Don’t restrict competition to products with similar functionality or physical characteristics. Don’t assume two products are competitors because they look or function similarly. There are two related mistakes people make about what is and isn’t competition for a product.
Thinking that two solutions compete against each other because they share similar characteristics. Even though PCs and mainframes are both computers, they don’t compete in the slightest.
Restricting the definition of competition to products with similar characteristics. Godrej and Christensen believed that the only competition for their electric refrigerator was other electric refrigerators. They also believed they were creating a new market of refrigerator alternatives. Unfortunately for Godrej, neither of those opinions was true. Consumers were already using several refrigerator alternatives.
Keep your mind open to what counts as competition. I recently talked with a woman who told me about switching from her morning coffee to a kale smoothie with a shot of wheatgrass. Who would’ve thought a cup of coffee and a kale smoothie could be competitors?

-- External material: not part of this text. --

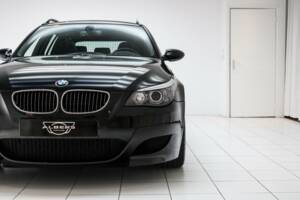 Bild 14/21 von BMW M5 Touring (2009)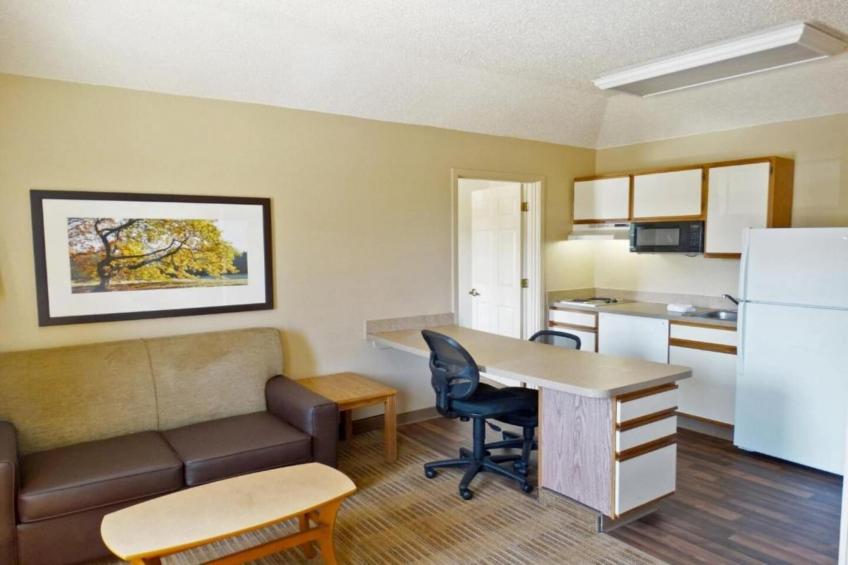 1 Queen Bed  Suite Non-Smoking Kitchen - foto 5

Every innovator, whether creating a new innovation or improving an existing one, should have a clear idea of how his or her customers see competition. When you’re creating a new innovation, you need to answer the question, “What are customers going to stop buying when they start buying our solution?” And if you’re creating a new feature for an existing product, you need to ask, “What behaviors or other products is this feature going to replace?”
Talk with your customers! Your competitive model can come only from them. Models of competition and markets that don’t come from customers are almost guaranteed to be wrong.
Don’t study the relationships among customers, products, and competition just from afar. You must actually talk with the customers who use these products. Ask them what else they’ve tried to get the Job Done. Were there other options they wanted to try but didn’t or couldn’t? Did they combine solutions because no single solution worked well? Through questions like these, you can triangulate what customers do or don’t consider as competition.
Confirm that competition exists between products by finding customers who switched. At the time of this writing, PC sales have dropped to historic lows; they’ve been on a decline for quite some time. Some people claim that this drop in PC sales is due to the smartphone. But is that true?[49]
Remember, correlation does not equal causation. There’s only one sure way to prove a causal link between smartphone sales and PC sales: find people who stopped using their PCs and started using smartphones. Unless you can find evidence of a switch, the suggestion that any competitive relationship exists between the two is pure conjecture. Yes, some people may have entirely stopped using a PC in favor of a smartphone, but a lot of people own and use both.